EXERCISE PROMPT
Line by line, reproduce the material below exactly.

* * *

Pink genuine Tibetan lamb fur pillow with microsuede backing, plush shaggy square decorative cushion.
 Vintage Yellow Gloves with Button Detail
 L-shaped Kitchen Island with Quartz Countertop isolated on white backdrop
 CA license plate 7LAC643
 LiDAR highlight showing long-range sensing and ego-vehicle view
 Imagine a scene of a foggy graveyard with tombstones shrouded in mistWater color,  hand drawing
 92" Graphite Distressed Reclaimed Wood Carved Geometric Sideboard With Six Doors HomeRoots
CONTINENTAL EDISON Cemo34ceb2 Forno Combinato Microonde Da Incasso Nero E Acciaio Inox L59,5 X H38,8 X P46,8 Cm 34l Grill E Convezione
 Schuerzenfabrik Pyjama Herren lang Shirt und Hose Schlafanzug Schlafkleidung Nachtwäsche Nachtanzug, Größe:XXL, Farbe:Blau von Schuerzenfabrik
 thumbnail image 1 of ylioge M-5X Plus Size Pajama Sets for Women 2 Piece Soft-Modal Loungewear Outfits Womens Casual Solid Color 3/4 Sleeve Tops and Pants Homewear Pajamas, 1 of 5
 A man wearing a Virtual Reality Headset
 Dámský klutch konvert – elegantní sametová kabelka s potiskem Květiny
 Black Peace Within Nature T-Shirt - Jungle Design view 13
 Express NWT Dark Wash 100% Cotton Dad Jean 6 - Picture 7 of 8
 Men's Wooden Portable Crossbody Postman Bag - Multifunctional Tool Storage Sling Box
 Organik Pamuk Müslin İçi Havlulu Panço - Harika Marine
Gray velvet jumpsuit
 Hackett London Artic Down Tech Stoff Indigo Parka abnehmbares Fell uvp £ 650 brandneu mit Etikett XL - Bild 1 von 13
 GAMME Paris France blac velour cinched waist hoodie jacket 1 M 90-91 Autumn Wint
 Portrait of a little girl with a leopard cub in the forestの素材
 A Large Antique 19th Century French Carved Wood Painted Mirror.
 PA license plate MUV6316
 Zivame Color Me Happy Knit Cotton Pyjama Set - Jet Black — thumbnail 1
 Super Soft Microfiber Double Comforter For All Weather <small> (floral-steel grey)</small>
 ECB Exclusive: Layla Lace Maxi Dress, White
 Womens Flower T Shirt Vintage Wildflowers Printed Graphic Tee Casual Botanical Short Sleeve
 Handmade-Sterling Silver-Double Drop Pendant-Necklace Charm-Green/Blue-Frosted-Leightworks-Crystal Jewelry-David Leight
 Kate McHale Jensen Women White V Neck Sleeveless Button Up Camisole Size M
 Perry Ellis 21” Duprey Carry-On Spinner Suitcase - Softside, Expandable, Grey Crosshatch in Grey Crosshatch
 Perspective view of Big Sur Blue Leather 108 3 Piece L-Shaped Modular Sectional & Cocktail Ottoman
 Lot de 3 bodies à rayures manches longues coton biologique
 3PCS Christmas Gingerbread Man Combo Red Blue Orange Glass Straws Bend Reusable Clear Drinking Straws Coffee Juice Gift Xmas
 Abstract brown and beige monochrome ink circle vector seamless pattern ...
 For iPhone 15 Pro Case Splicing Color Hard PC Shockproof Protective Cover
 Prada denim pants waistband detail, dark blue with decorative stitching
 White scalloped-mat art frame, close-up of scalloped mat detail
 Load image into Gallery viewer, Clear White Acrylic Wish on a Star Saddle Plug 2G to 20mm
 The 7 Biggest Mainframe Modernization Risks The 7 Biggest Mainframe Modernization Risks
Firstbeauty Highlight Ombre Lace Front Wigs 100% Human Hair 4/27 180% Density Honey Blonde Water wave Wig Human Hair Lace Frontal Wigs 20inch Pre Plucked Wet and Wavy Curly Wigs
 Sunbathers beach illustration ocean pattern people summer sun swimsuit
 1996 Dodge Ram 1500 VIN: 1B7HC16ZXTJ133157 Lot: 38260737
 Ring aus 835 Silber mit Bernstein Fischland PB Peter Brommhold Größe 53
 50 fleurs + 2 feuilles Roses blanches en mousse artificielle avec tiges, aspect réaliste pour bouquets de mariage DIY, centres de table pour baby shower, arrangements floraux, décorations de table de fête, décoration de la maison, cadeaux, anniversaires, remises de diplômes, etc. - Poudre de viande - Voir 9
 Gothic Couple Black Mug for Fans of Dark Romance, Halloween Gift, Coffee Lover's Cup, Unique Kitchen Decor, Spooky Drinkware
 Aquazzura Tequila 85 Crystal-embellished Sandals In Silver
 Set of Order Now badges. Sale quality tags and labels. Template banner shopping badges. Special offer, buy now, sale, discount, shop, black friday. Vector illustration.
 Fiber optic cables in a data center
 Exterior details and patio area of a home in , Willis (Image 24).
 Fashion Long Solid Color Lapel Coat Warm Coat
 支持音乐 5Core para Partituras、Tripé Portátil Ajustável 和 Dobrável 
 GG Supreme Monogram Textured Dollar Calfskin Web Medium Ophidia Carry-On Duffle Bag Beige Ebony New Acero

* * *

SOLUTION TO THE PROBLEM
Pink genuine Tibetan lamb fur pillow with microsuede backing, plush shaggy square decorative cushion.
 Vintage Yellow Gloves with Button Detail
 L-shaped Kitchen Island with Quartz Countertop isolated on white backdrop
 CA license plate 7LAC643
 LiDAR highlight showing long-range sensing and ego-vehicle view
 Imagine a scene of a foggy graveyard with tombstones shrouded in mistWater color,  hand drawing
 92" Graphite Distressed Reclaimed Wood Carved Geometric Sideboard With Six Doors HomeRoots
CONTINENTAL EDISON Cemo34ceb2 Forno Combinato Microonde Da Incasso Nero E Acciaio Inox L59,5 X H38,8 X P46,8 Cm 34l Grill E Convezione
 Schuerzenfabrik Pyjama Herren lang Shirt und Hose Schlafanzug Schlafkleidung Nachtwäsche Nachtanzug, Größe:XXL, Farbe:Blau von Schuerzenfabrik
 thumbnail image 1 of ylioge M-5X Plus Size Pajama Sets for Women 2 Piece Soft-Modal Loungewear Outfits Womens Casual Solid Color 3/4 Sleeve Tops and Pants Homewear Pajamas, 1 of 5
 A man wearing a Virtual Reality Headset
 Dámský klutch konvert – elegantní sametová kabelka s potiskem Květiny
 Black Peace Within Nature T-Shirt - Jungle Design view 13
 Express NWT Dark Wash 100% Cotton Dad Jean 6 - Picture 7 of 8
 Men's Wooden Portable Crossbody Postman Bag - Multifunctional Tool Storage Sling Box
 Organik Pamuk Müslin İçi Havlulu Panço - Harika Marine
Gray velvet jumpsuit
 Hackett London Artic Down Tech Stoff Indigo Parka abnehmbares Fell uvp £ 650 brandneu mit Etikett XL - Bild 1 von 13
 GAMME Paris France blac velour cinched waist hoodie jacket 1 M 90-91 Autumn Wint
 Portrait of a little girl with a leopard cub in the forestの素材
 A Large Antique 19th Century French Carved Wood Painted Mirror.
 PA license plate MUV6316
 Zivame Color Me Happy Knit Cotton Pyjama Set - Jet Black — thumbnail 1
 Super Soft Microfiber Double Comforter For All Weather <small> (floral-steel grey)</small>
 ECB Exclusive: Layla Lace Maxi Dress, White
 Womens Flower T Shirt Vintage Wildflowers Printed Graphic Tee Casual Botanical Short Sleeve
 Handmade-Sterling Silver-Double Drop Pendant-Necklace Charm-Green/Blue-Frosted-Leightworks-Crystal Jewelry-David Leight
 Kate McHale Jensen Women White V Neck Sleeveless Button Up Camisole Size M
 Perry Ellis 21” Duprey Carry-On Spinner Suitcase - Softside, Expandable, Grey Crosshatch in Grey Crosshatch
 Perspective view of Big Sur Blue Leather 108 3 Piece L-Shaped Modular Sectional & Cocktail Ottoman
 Lot de 3 bodies à rayures manches longues coton biologique
 3PCS Christmas Gingerbread Man Combo Red Blue Orange Glass Straws Bend Reusable Clear Drinking Straws Coffee Juice Gift Xmas
 Abstract brown and beige monochrome ink circle vector seamless pattern ...
 For iPhone 15 Pro Case Splicing Color Hard PC Shockproof Protective Cover
 Prada denim pants waistband detail, dark blue with decorative stitching
 White scalloped-mat art frame, close-up of scalloped mat detail
 Load image into Gallery viewer, Clear White Acrylic Wish on a Star Saddle Plug 2G to 20mm
 The 7 Biggest Mainframe Modernization Risks The 7 Biggest Mainframe Modernization Risks
Firstbeauty Highlight Ombre Lace Front Wigs 100% Human Hair 4/27 180% Density Honey Blonde Water wave Wig Human Hair Lace Frontal Wigs 20inch Pre Plucked Wet and Wavy Curly Wigs
 Sunbathers beach illustration ocean pattern people summer sun swimsuit
 1996 Dodge Ram 1500 VIN: 1B7HC16ZXTJ133157 Lot: 38260737
 Ring aus 835 Silber mit Bernstein Fischland PB Peter Brommhold Größe 53
 50 fleurs + 2 feuilles Roses blanches en mousse artificielle avec tiges, aspect réaliste pour bouquets de mariage DIY, centres de table pour baby shower, arrangements floraux, décorations de table de fête, décoration de la maison, cadeaux, anniversaires, remises de diplômes, etc. - Poudre de viande - Voir 9
 Gothic Couple Black Mug for Fans of Dark Romance, Halloween Gift, Coffee Lover's Cup, Unique Kitchen Decor, Spooky Drinkware
 Aquazzura Tequila 85 Crystal-embellished Sandals In Silver
 Set of Order Now badges. Sale quality tags and labels. Template banner shopping badges. Special offer, buy now, sale, discount, shop, black friday. Vector illustration.
 Fiber optic cables in a data center
 Exterior details and patio area of a home in , Willis (Image 24).
 Fashion Long Solid Color Lapel Coat Warm Coat
 支持音乐 5Core para Partituras、Tripé Portátil Ajustável 和 Dobrável 
 GG Supreme Monogram Textured Dollar Calfskin Web Medium Ophidia Carry-On Duffle Bag Beige Ebony New Acero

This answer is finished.